_Problem statement_: Set down the full listing below word for word; pictures stay out of the copy.

_Data provided_:

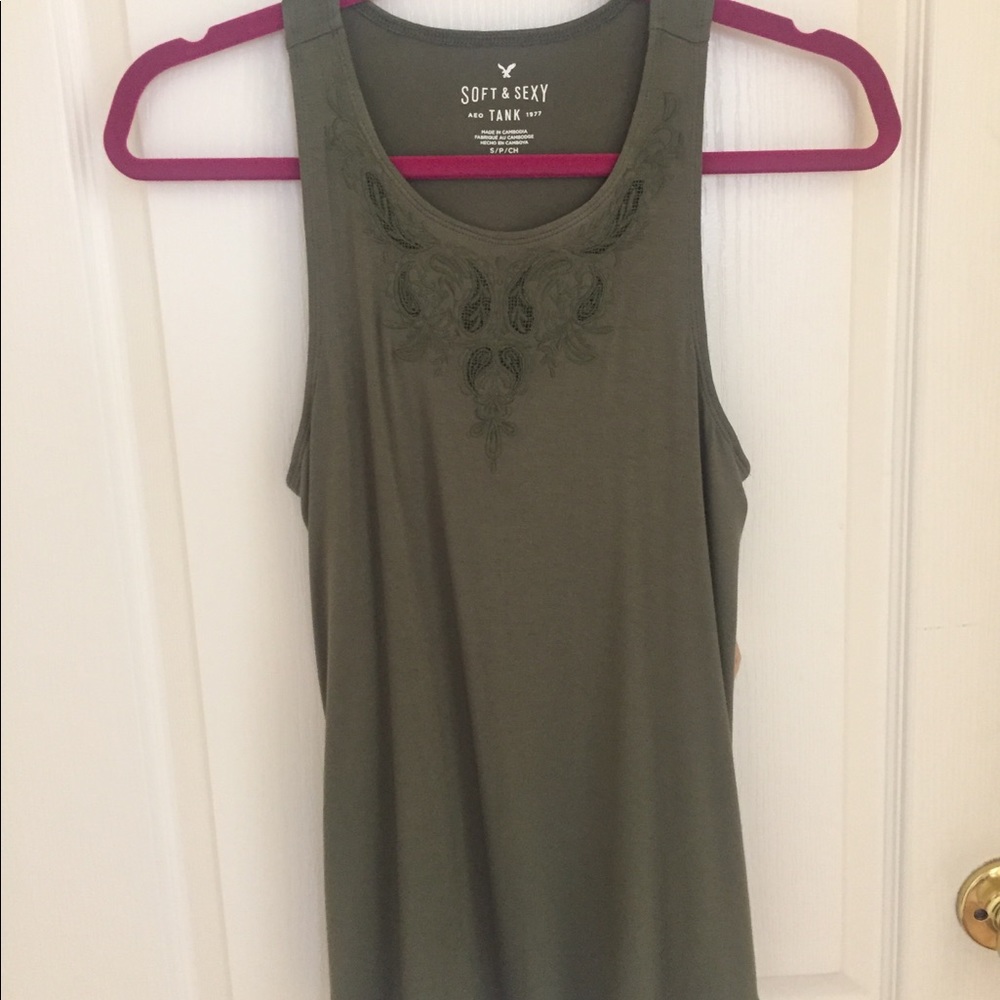 Olive green embroidered tank top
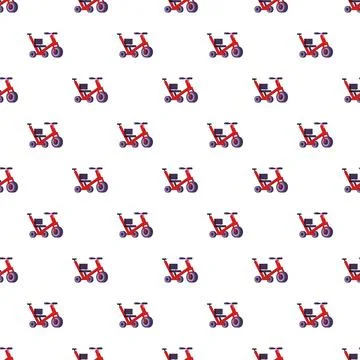 Red tricycle repeating pattern on white background Illustration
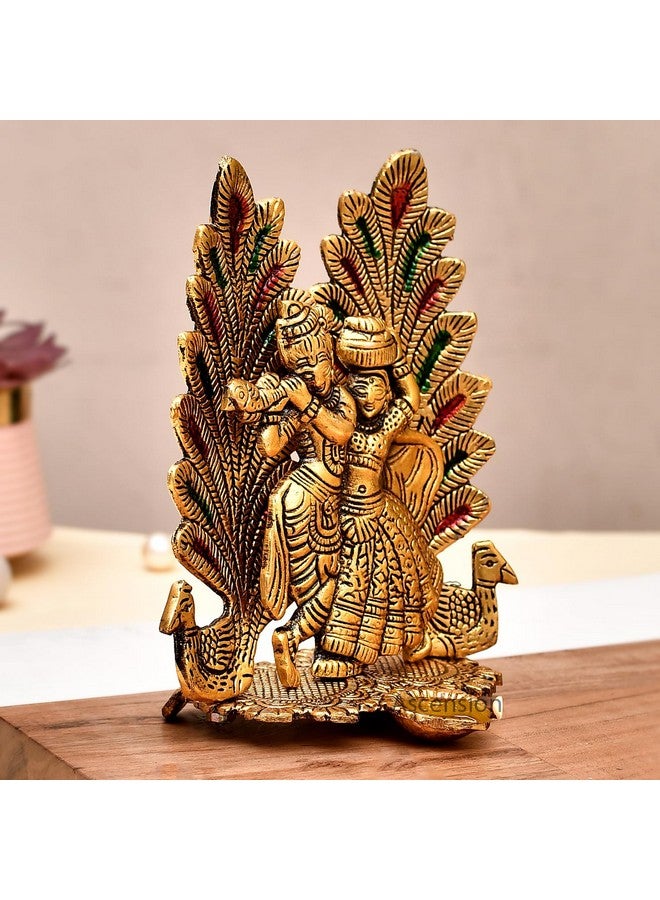 Ascension تمثال رادها كريشنا بتصميم طاووس معدني للزينة لغرفة البوجا أو مكتب المنزل (7 × 5 بوصات) ذهبي - Image 2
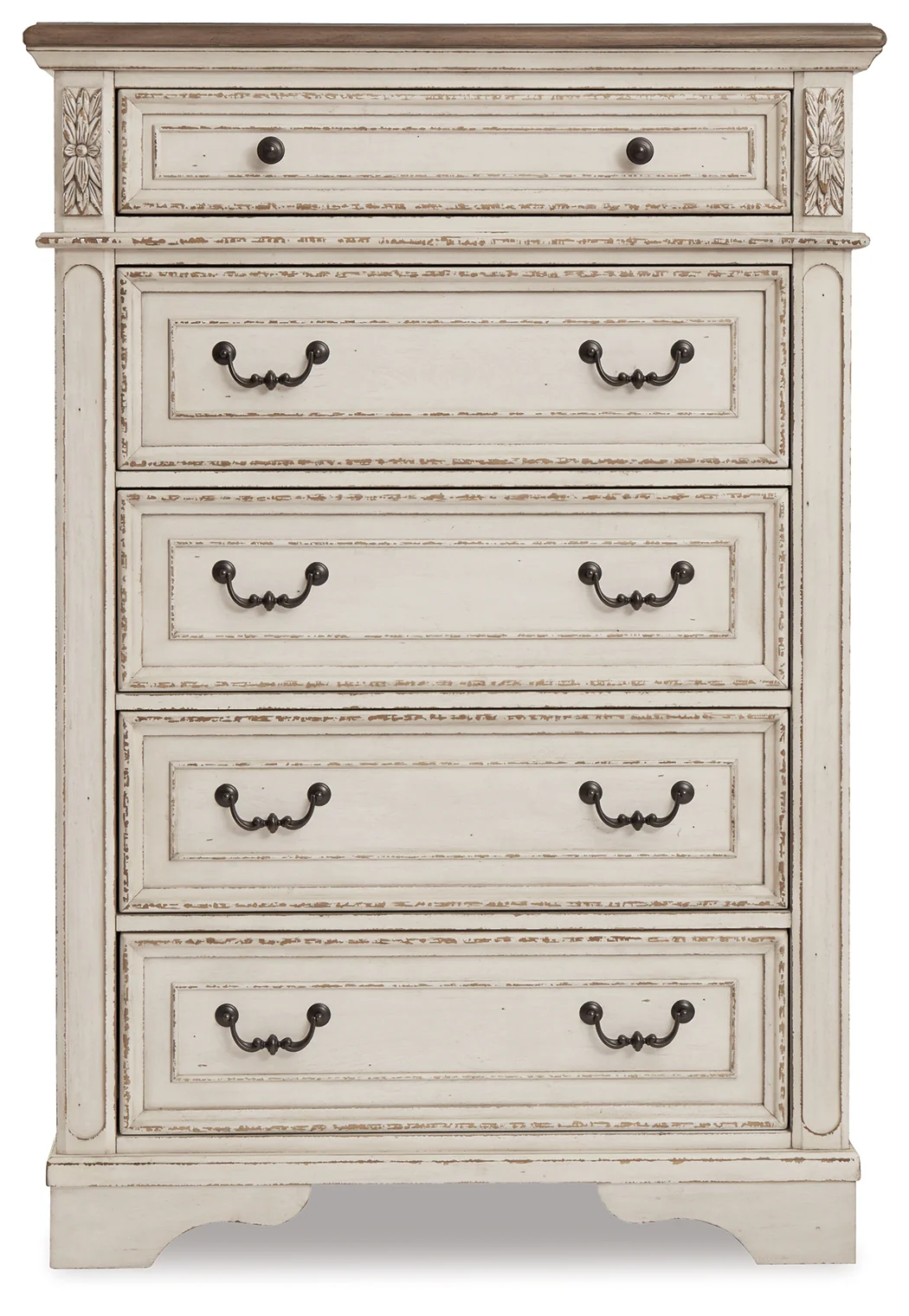 Realyn Two-tone King Panel Bedroom Set with Vanity, Chest and 2 Nightstands - Image 3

_Answer for the task_:
 Olive green embroidered tank top
 Red tricycle repeating pattern on white background Illustration
 Ascension تمثال رادها كريشنا بتصميم طاووس معدني للزينة لغرفة البوجا أو مكتب المنزل (7 × 5 بوصات) ذهبي - Image 2
 Realyn Two-tone King Panel Bedroom Set with Vanity, Chest and 2 Nightstands - Image 3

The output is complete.